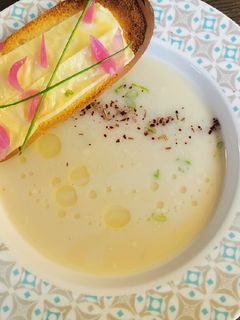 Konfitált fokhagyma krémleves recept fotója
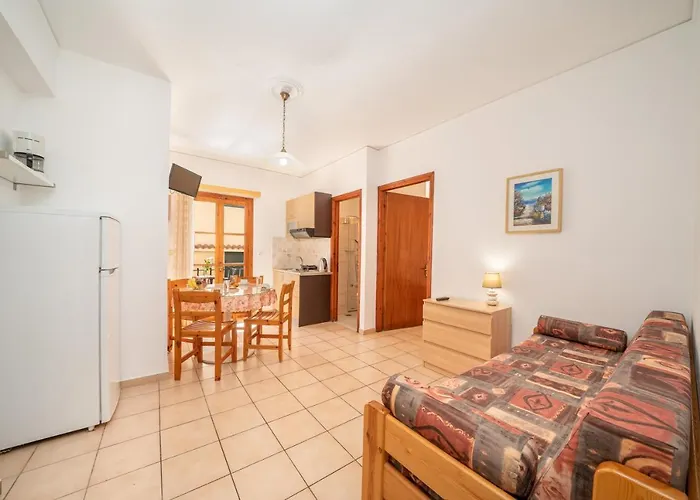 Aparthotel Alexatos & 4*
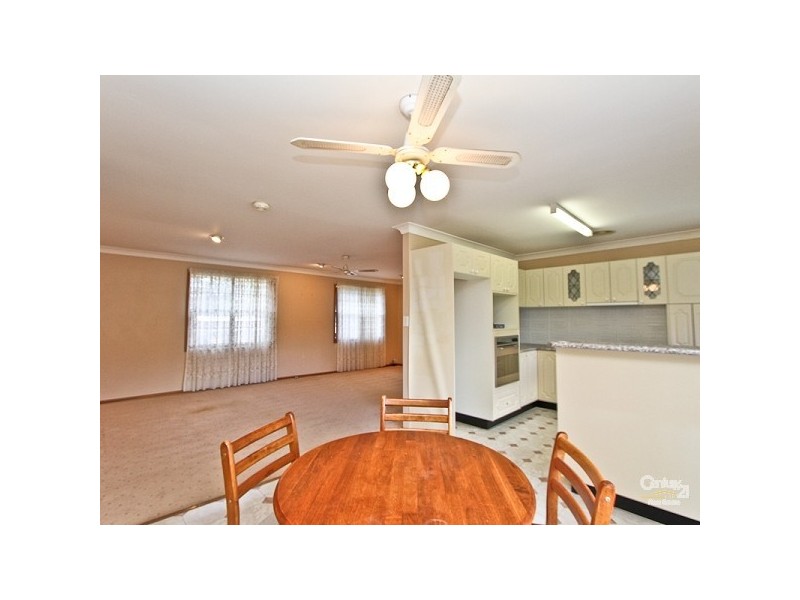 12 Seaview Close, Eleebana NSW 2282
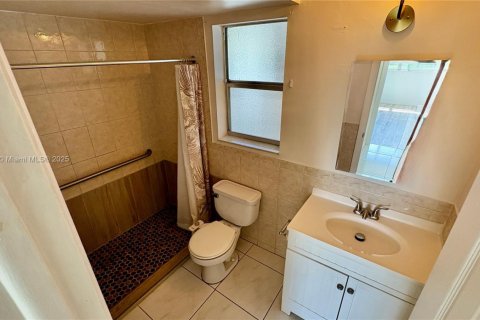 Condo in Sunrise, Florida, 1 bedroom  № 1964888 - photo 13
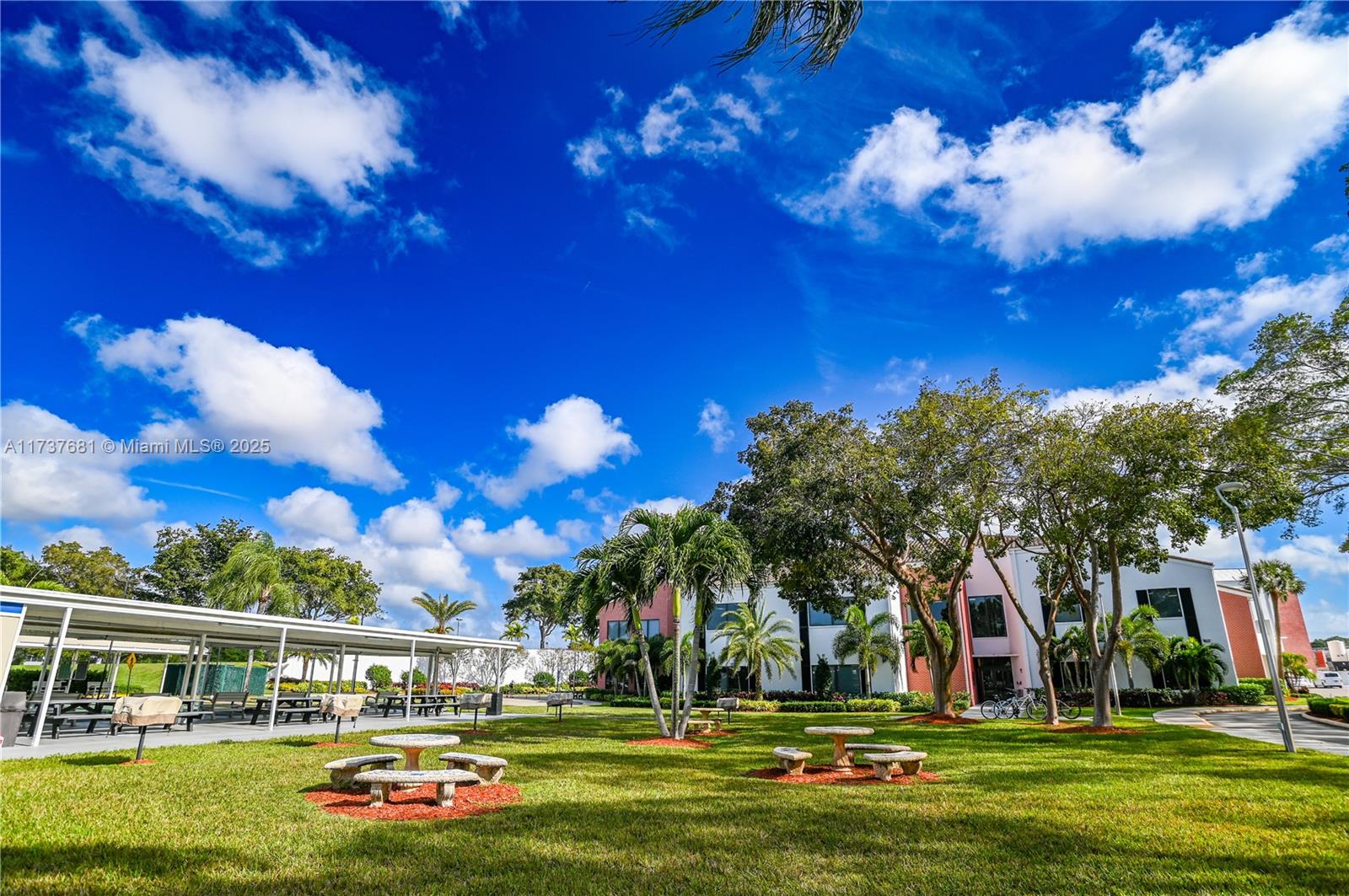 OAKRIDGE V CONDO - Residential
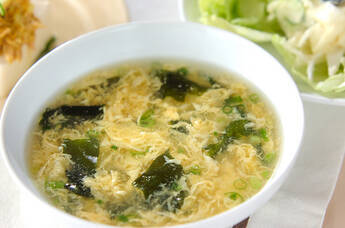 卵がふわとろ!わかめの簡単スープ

* * *

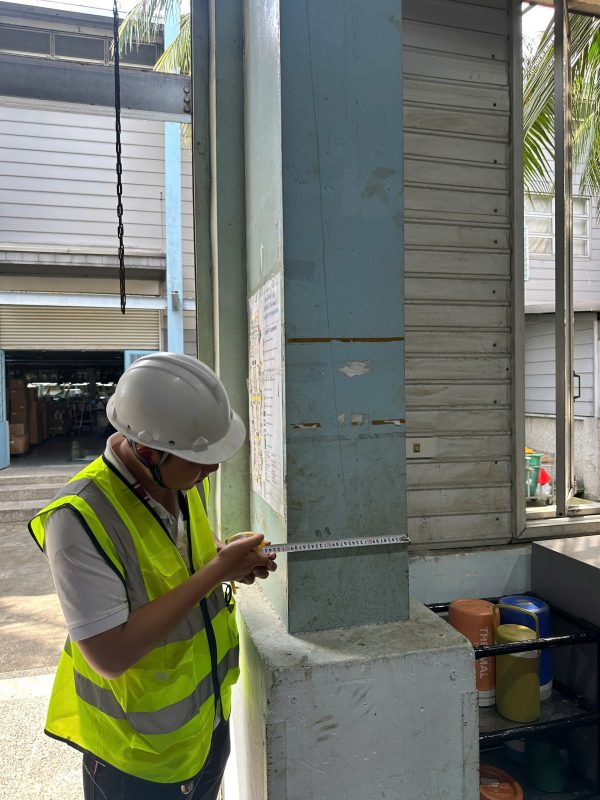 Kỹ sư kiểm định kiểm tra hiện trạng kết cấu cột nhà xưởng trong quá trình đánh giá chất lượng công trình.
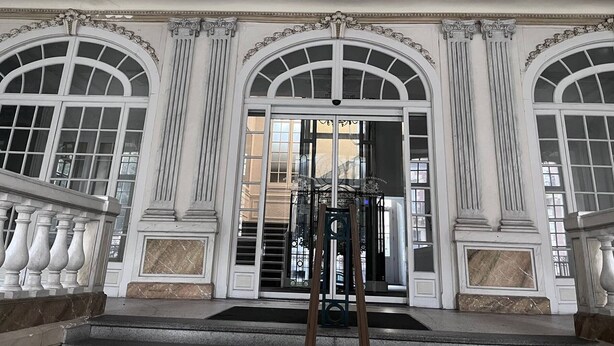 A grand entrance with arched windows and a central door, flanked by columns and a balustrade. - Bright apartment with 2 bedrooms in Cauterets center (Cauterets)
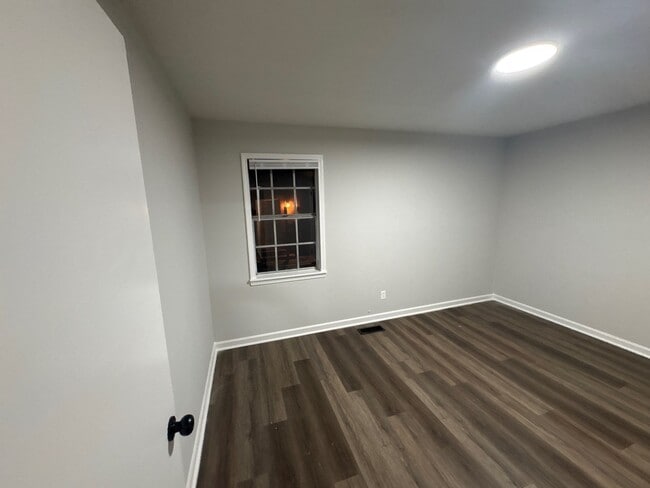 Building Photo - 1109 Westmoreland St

---

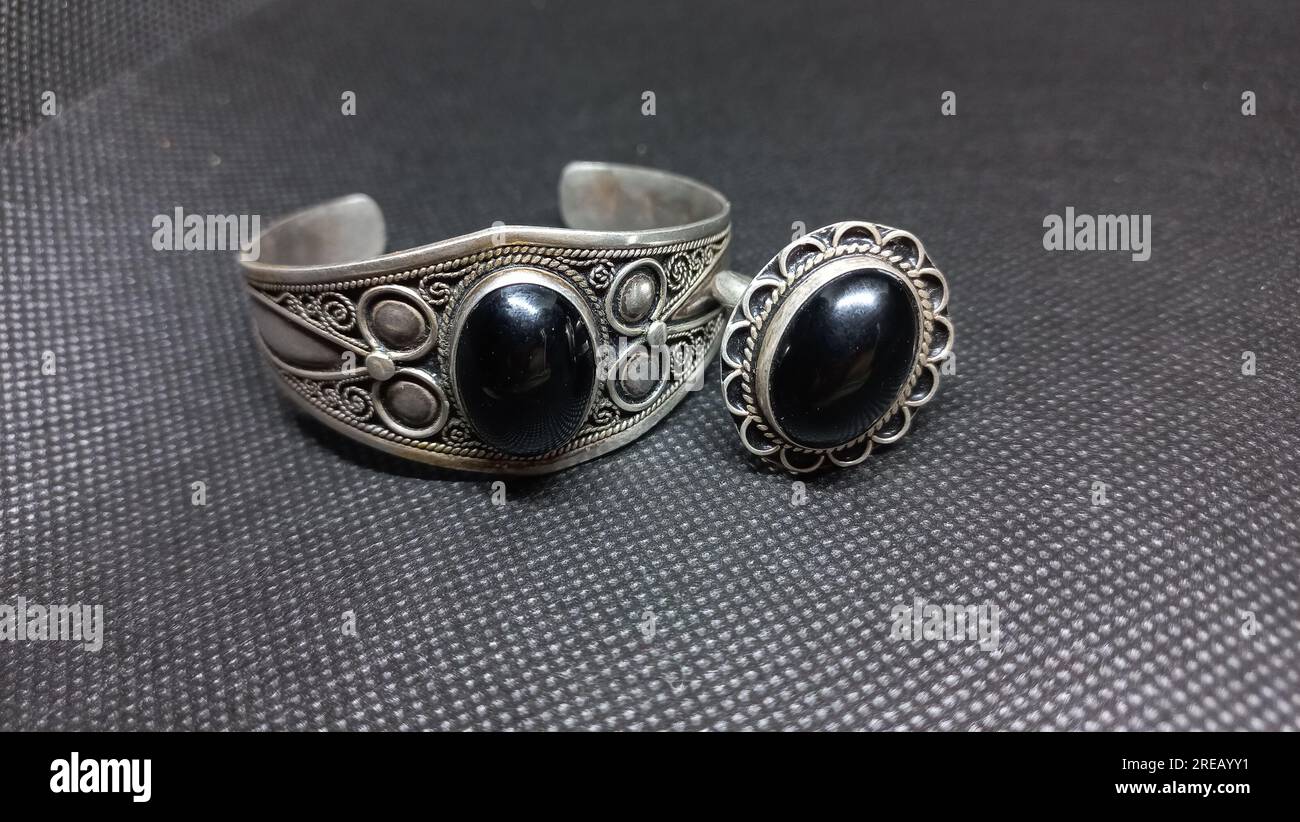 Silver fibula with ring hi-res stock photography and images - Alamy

**What needs to be done**
Going by the data above, the answer is exactly the lines from the one holding "Kỹ sư kiểm định" to the one holding "Building Photo - 1109 Westmoreland St", both kept, with the pictures left out.

**Reply to the task**
 Kỹ sư kiểm định kiểm tra hiện trạng kết cấu cột nhà xưởng trong quá trình đánh giá chất lượng công trình.
 A grand entrance with arched windows and a central door, flanked by columns and a balustrade. - Bright apartment with 2 bedrooms in Cauterets center (Cauterets)
 Building Photo - 1109 Westmoreland St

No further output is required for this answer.